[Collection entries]
--- --- ---

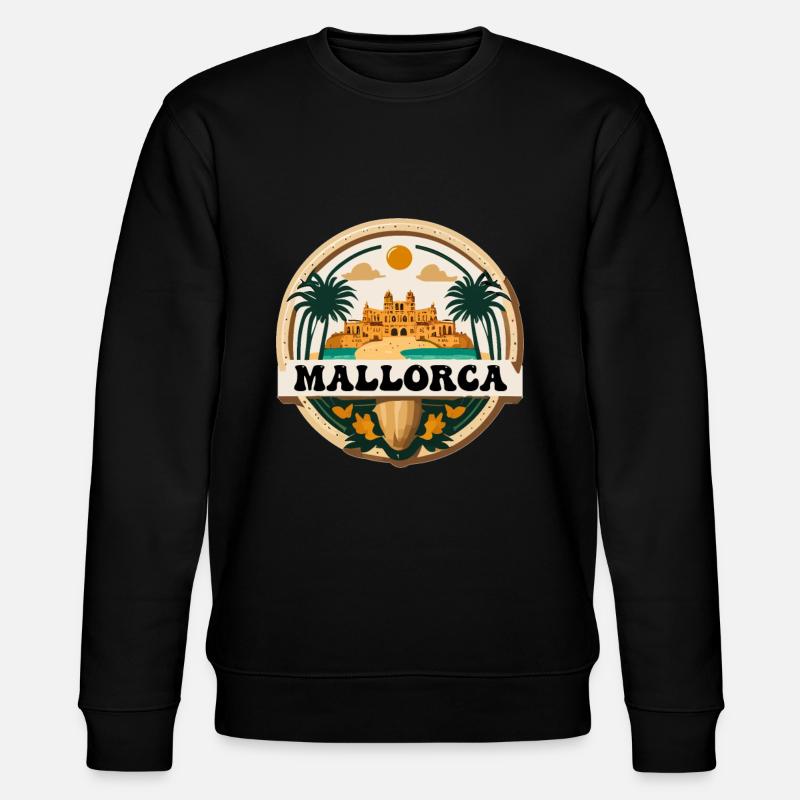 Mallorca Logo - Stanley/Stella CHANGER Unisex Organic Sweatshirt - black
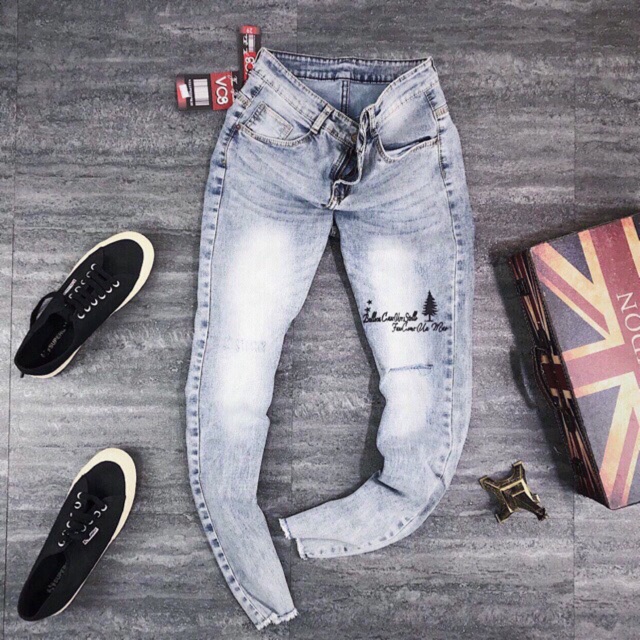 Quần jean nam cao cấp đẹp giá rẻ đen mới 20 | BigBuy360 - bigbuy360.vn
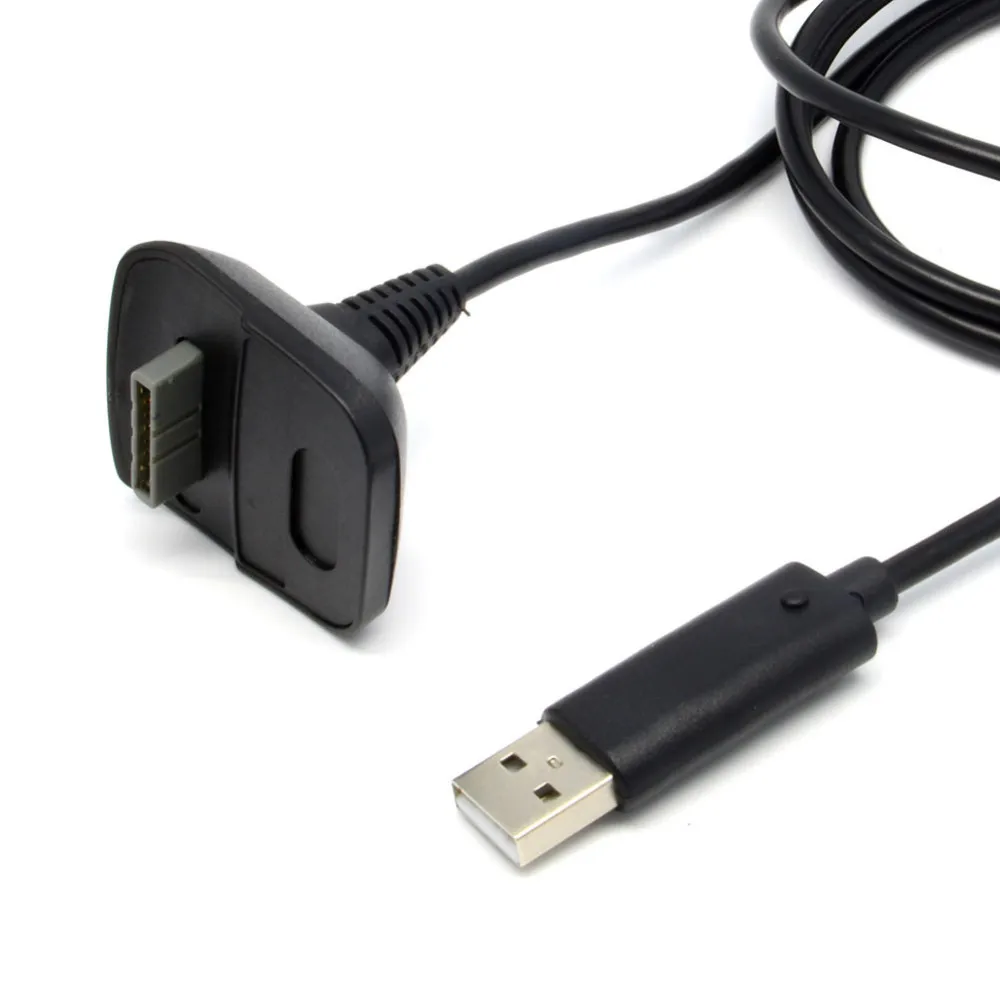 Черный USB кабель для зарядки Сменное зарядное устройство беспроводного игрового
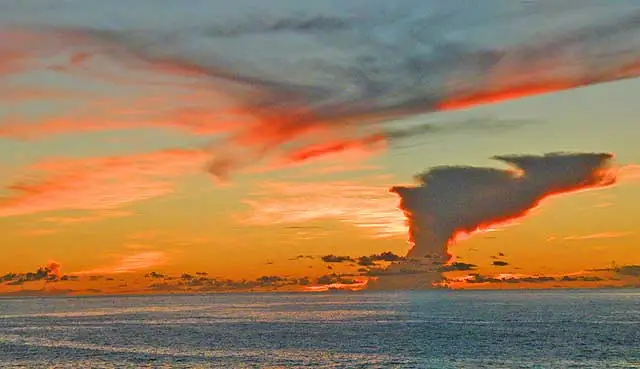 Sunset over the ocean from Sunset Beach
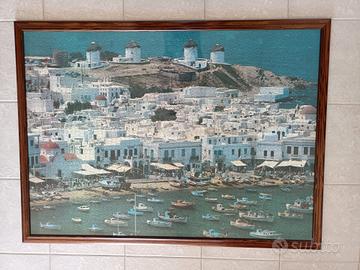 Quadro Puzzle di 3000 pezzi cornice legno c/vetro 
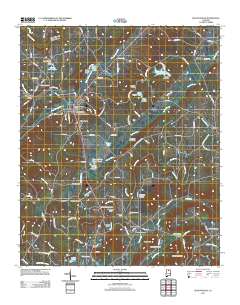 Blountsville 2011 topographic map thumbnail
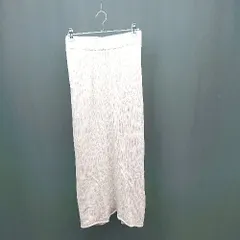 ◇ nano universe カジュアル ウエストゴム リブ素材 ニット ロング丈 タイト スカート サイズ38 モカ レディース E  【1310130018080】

--- --- ---

About this task
Repeat exactly the lines above, starting at the one that contains "Quần jean nam" and stopping at the last line of the entries, and leave out the pictures.

Task result
 Quần jean nam cao cấp đẹp giá rẻ đen mới 20 | BigBuy360 - bigbuy360.vn
 Черный USB кабель для зарядки Сменное зарядное устройство беспроводного игрового
 Sunset over the ocean from Sunset Beach
 Quadro Puzzle di 3000 pezzi cornice legno c/vetro 
 Blountsville 2011 topographic map thumbnail
 ◇ nano universe カジュアル ウエストゴム リブ素材 ニット ロング丈 タイト スカート サイズ38 モカ レディース E  【1310130018080】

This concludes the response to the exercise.